:: Task goal ::
In the listing below, repeat exactly every line from the first through the line containing "Allison Coral |", with nothing else.
++++++++
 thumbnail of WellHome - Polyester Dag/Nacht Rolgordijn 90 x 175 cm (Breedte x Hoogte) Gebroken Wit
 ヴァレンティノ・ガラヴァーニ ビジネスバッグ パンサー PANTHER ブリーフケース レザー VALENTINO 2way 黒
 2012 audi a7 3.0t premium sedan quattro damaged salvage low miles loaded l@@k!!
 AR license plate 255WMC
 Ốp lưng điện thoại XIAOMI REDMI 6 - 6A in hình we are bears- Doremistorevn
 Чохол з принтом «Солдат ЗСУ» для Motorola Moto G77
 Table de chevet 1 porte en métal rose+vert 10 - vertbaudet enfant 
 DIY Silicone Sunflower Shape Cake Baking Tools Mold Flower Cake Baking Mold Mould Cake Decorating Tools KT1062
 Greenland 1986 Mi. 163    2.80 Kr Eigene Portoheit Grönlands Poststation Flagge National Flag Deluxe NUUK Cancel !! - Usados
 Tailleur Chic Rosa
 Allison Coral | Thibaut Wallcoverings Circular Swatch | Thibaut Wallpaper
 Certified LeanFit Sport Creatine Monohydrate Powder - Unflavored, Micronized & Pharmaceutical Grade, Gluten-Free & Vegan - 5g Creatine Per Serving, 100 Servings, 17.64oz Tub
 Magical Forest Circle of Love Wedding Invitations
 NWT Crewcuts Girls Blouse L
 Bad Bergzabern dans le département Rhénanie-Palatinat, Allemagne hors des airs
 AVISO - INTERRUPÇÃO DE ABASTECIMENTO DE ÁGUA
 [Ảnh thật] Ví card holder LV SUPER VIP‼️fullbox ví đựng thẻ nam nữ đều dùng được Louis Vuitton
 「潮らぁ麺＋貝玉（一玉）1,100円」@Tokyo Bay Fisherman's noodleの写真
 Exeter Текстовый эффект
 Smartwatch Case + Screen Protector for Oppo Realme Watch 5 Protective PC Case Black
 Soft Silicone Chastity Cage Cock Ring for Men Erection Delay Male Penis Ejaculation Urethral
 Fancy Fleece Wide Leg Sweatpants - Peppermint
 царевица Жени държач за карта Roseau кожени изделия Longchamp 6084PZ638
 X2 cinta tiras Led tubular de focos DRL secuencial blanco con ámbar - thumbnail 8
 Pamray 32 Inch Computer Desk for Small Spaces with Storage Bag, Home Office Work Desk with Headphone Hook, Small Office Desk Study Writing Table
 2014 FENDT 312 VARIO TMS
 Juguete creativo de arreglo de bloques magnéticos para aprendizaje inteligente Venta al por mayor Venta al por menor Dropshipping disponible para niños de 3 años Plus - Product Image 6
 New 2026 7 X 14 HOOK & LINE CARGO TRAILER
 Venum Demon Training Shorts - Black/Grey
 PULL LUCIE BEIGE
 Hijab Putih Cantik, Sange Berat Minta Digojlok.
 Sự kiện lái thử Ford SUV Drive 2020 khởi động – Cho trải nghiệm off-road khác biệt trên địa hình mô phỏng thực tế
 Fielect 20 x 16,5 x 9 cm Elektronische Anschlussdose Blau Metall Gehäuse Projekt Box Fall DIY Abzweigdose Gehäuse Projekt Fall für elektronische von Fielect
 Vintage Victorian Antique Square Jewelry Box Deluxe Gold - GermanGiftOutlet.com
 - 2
++++++++
:: Result of this exercise ::
 thumbnail of WellHome - Polyester Dag/Nacht Rolgordijn 90 x 175 cm (Breedte x Hoogte) Gebroken Wit
 ヴァレンティノ・ガラヴァーニ ビジネスバッグ パンサー PANTHER ブリーフケース レザー VALENTINO 2way 黒
 2012 audi a7 3.0t premium sedan quattro damaged salvage low miles loaded l@@k!!
 AR license plate 255WMC
 Ốp lưng điện thoại XIAOMI REDMI 6 - 6A in hình we are bears- Doremistorevn
 Чохол з принтом «Солдат ЗСУ» для Motorola Moto G77
 Table de chevet 1 porte en métal rose+vert 10 - vertbaudet enfant 
 DIY Silicone Sunflower Shape Cake Baking Tools Mold Flower Cake Baking Mold Mould Cake Decorating Tools KT1062
 Greenland 1986 Mi. 163    2.80 Kr Eigene Portoheit Grönlands Poststation Flagge National Flag Deluxe NUUK Cancel !! - Usados
 Tailleur Chic Rosa
 Allison Coral | Thibaut Wallcoverings Circular Swatch | Thibaut Wallpaper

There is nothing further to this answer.